The study involved 17 blind tasting events in the USA, held in 2006 and 2007. There were 506 participants, and 523 wines. In total 6,175 samples were tasted and rated. For analysis purposes the participants were classified as expert or non-expert tasters. Experts were defined as those having had some formal wine training.
The main result is that while the experts’ ratings correlated with price, the non-experts actually preferred cheaper wines.

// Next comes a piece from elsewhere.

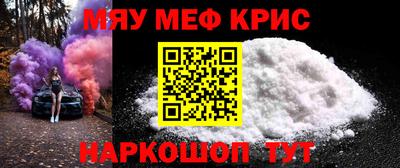 наркотики Ирбит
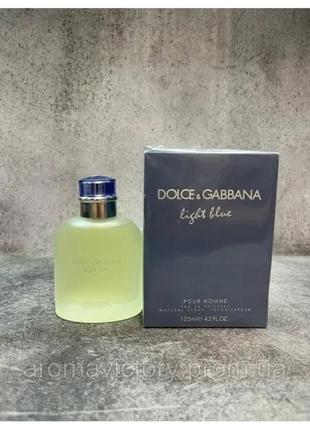 Light blue pour homme 100 мл парфуми для чоловіків (дольче габбана лайт блю) відмінна якість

To give a feel for the magnitude of the effect, the authors give an example of the predictions of one of the models they fitted to the data. Using the 100 point scale, if there were 2 wines, one costing 10 times as much as the other, experts would rate the expensive bottle seven points higher than the cheaper one, but non-experts would rate it 4 points lower. The book contains a paragraph of specific results, which I think are useful to put this into perspective: “On the whole, tasters preferred a nine-dollar Beringer Founders’ Estate Cabernet Sauvignon to a £120 wine from the same grape and the same producer: Beringer Private Reserve Cabernet Sauvignon. They preferred a six-dollar Vinho Verde from Portugal to a £40 Cakebread Chardonnay and a £50 Chassagne-Montrachet 1er Cru from Louis Latour. And when we concealed the labels and prices of 27 sparkling wines and asked people to rate them, the Dom Pérignon finished 17th – behind 14 sparkling wines that cost less than $15, eight of which cost less than $10.”
There is one very practical lesson to be drawn from this study: if you consider yourself a non-expert you would probably do best ignoring recommendations from experts!

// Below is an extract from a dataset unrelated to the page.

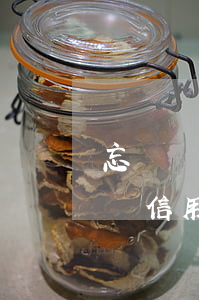 忘記還信用卡逾期一次影響大嗎-上個月忘還信用卡了算逾期嗎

But what is really going on here? There is probably no single explanation. A few possibilities spring to mind, but I think the main reason is that the wine trade, from producers to critics, is too inward-looking. The trade decides amongst themselves what defines a good wine, prices wines accordingly, and then seeks to educate neophytes in the mysteries of the art. Meanwhile, everyone else feels too intimidated by the whole thing to question the clothes of the emperor. It seems to me that the negative correlation between ratings and prices indicates that the wine market is organised very strangely.

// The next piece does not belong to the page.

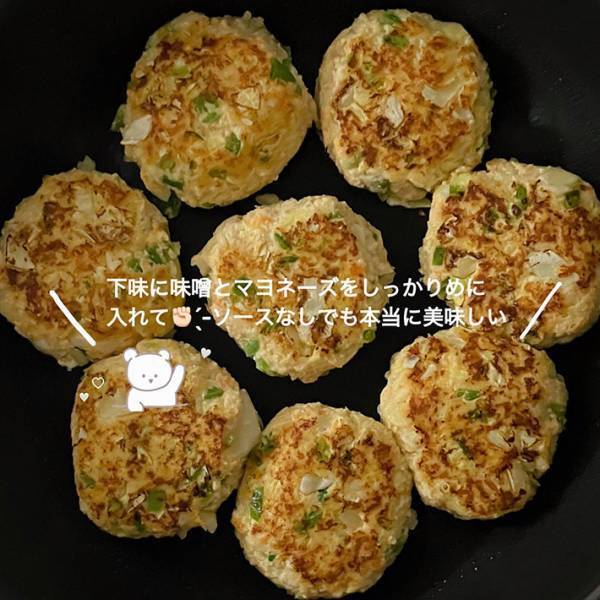 半端に余ってしまった野菜、どうする？　冷蔵庫内を一掃できるレシピが「おいしそう！」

Does it matter? Well, yes, it has some very important consequences if sellers of wine are hoping that their punters are readily going to part with more money to get a more enjoyable product. From my reading of the situation it seems that most drinkers are only likely to trade up if they get so interested in wine that they attend a wine course, or if they decide they need to impress by serving a wine with a prestigious label.
Perhaps that is just the way of the world, but I would be really interested in exploring what non-experts tend to enjoy as a group. Do they really just prefer sugary pap to Proper Wines? Or is there a new wine aesthetic waiting to be discovered? Something that future wine makers could aim for with the resources that potential higher prices will yield?